┌──

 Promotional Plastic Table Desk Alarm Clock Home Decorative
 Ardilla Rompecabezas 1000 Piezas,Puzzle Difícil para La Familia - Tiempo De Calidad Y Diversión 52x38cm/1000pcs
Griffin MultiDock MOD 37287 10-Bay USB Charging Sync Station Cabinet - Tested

└──
┌──

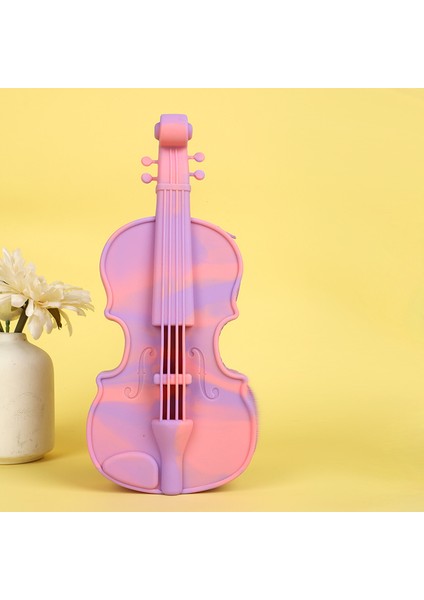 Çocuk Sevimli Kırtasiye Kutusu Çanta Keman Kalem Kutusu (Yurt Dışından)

└──

| Task to carry out |
Keeping every character as it is, restate the lines above that run from the line with "Ardilla Rompecabezas 1000" through the line with "Griffin MultiDock MOD", both included, and nothing else.

| Your solution |
 Ardilla Rompecabezas 1000 Piezas,Puzzle Difícil para La Familia - Tiempo De Calidad Y Diversión 52x38cm/1000pcs
Griffin MultiDock MOD 37287 10-Bay USB Charging Sync Station Cabinet - Tested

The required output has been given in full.